Laureano Gómez fue presidente de Colombia en 1950, tras el asesinato el 9 de abril de 1948 de Gaitán, líder liberal de izquierda.
No saben que solo en su primer año de mandato (y casi único al frente del poder), Laureano Gómez fue responsable de dejar tendidos (“muñecos”, “les dio piso”) ese año a cincuenta mil compatriotas que se despedazaban, unos a otros, por ser liberales o ser conservadores.
Récord de asesinatos políticos en 365 días, nunca antes superado. La misión salvadora de Laureano Gómez fue exactamente la misma que la de Uribe Vélez, a saber, dejar la patria colombiana limpia del mal comunista.

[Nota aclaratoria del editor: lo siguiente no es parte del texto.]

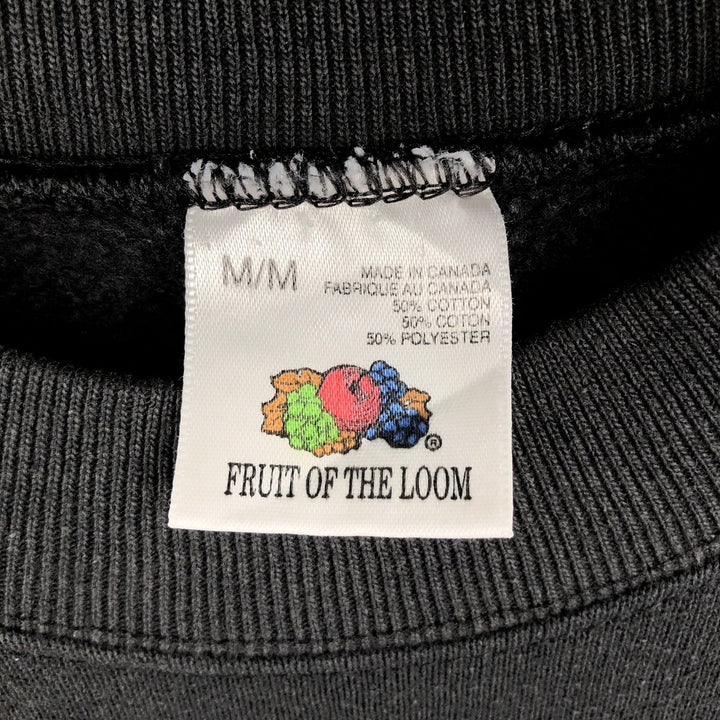90'S Fruit of the Loom NHL Boston Bruins Print Sweatshirt, Made in Canada, Men's Size M (approx.) cotton black type Vintage Second Hand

Por eso la tarea de dejar sin historia a sus jóvenes, que significa dejar sin futuro lo mejor de la nación colombiana, ha sido cumplida a cabalidad por los ministerios de educación y cultura en este siglo XXI.
Cercenar de tajo la historia y la memoria del país, es garantizar el dominio desvergonzado de los dirigentes políticos de siempre, de la clase dominante (“oligárquica”, como acusaba Gaitán), que se perpetúa en cada generación con todas las mañas, las corruptelas, las clientelas, en un eterno retorno de lo mismo.
Una nación no es una tabula rasa. No debe serlo, y su principio esperanza nace de esa acción valerosa de la juventud de tumbar las estatuas de nuestras plazas públicas, que presenciamos en el último Paro nacional.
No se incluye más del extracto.